Barnabas and Paul discover that being living temples of the Holy Spirit can be a dangerous temptation to one's pride. Preaching and teaching in Lystra, the two apostles see the faith of a crippled man. Paul shouts at him, “Stand up straight on your feet.” The man jumps up and walks around. The people who witness this miracle cry out, “The gods have come down to us in human form!” They name the apostles Zeus and Hermes and scramble to offer them sacrifice. Paul and Barnabas see an opportunity to create a little prosperity, a chance to do God's work and reaps some of the benefits for themselves. They accept the sacrifices and reinvest the donations in building up a global network of franchised ministries called Stand Up Straight Outreach Temples! They open the main campus of Stand Up Straight Academy and begin merchandising Stand Up Straight tee-shirts, mugs, banners, and Zeus and Hermes bobbleheads. They build a TV station, a radio program, and an amusement park. Within a few years, their global ministry is worth billions of drachma! Surely, these two are much loved by the Lord. Well, not these two. But the two real apostles are much loved b/c they redirect the fervor of the crowd toward the source of the crippled man's healing, “We proclaim to you good news that you should turn from these idols to the living God. . .”

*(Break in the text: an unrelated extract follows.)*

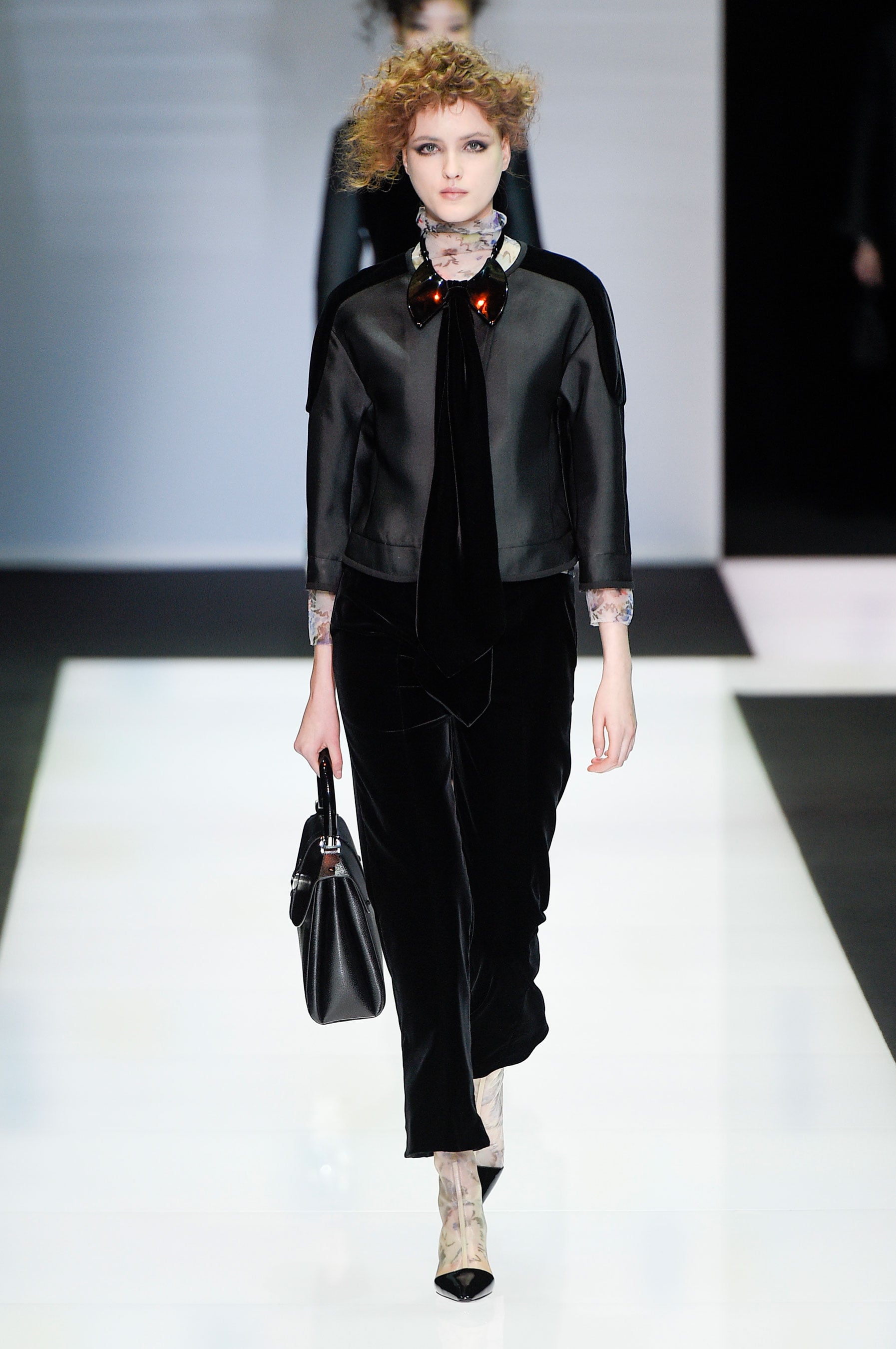 Grote hoeveelheid Lucky agenda Fashion, Shopping & Style | A Brand-New Suit Just Came Walking Down Giorgio  Armani's Runway | POPSUGAR Fashion Photo 47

Paul and Barnabas love the Lord, so they follow his command to love others as they love him. Rather than take advantage of the crowd's religious fervor by lying to them, the apostles eschew credit for the miracle and tell the truth, giving all the glory to the Father. Paul tells the crowd that though they do not yet know God as He has revealed Himself in Christ Jesus, they were not left without testimony, “[God] gave you rains from heaven and fruitful seasons, and filled you with nourishment and gladness for your hearts.” Even without the Christ, those who will to see and hear can watch and listen to the goodness of the Lord in His creation. His command to love is given in and through all that He has made. As living temples of the Holy Spirit, we are powerfully tempted to give ourselves credit for the good that we do. Remember what Jesus says, “Whoever remains in me and I in him will bear much fruit, because without me you can do nothing.” Our good works will bear fruit only if we remain in Christ. Only one spirit may live in the temple of our body: the love of the Father and the Son, the Holy Spirit.